Dear developers,
i am confused about the implementation of grass.error() and
grass.fatal() in the grass.scripting library.
From my understanding should the grass.error() function simply print
an error and grass.fatal() should either exit or call an exception so
that the GUI or a module developer can catch a fatal error. The
grass.set_raise_on_error() function allow to throw an exception in
case an error occurs that is not fatal to the processing. But it is
not possible to catch a fatal error because simply exit is called.
Can grass.fatal() be catched when raise_on_error is true, since it
calls internally grass.error()? If yes raise_on_error must be set by
the GUI to catch fatal error. BUT all errors that may not be fatal for
module processing will raise an exception too?
That gives me the impression that grass.fatal() should never be called
in a Python library function since otherwise the GUI will crash?

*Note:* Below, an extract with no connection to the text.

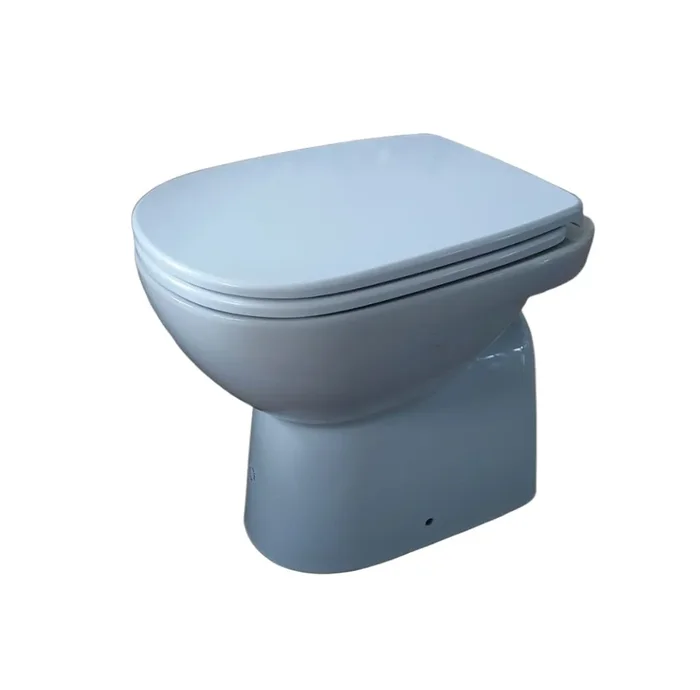 Sedile Wc Copriwater per modello Gemma 2 export marca Dolomite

Howto implement library functions that face an error but should allow
i.e. the GUI to keep on processing? Printing an error and raise a
ScriptError exception should do it i guess. But what to do in cases
the same library functions are used in modules where the error should
be handled as fatal? Raising an exception will in this case confuse
the user, hence calling fatal would be more appropriate. IMHO Python
modules should show the same behavior as the C and bash modules and
avoid to print implementation language specific errors.
Hence i would like to add a "raise_on_fatal_error" flag to catch
grass.fatal() errors by exception and to avoid the raise of a script
error by calling grass.error().
What do you think? Any suggestions are welcome.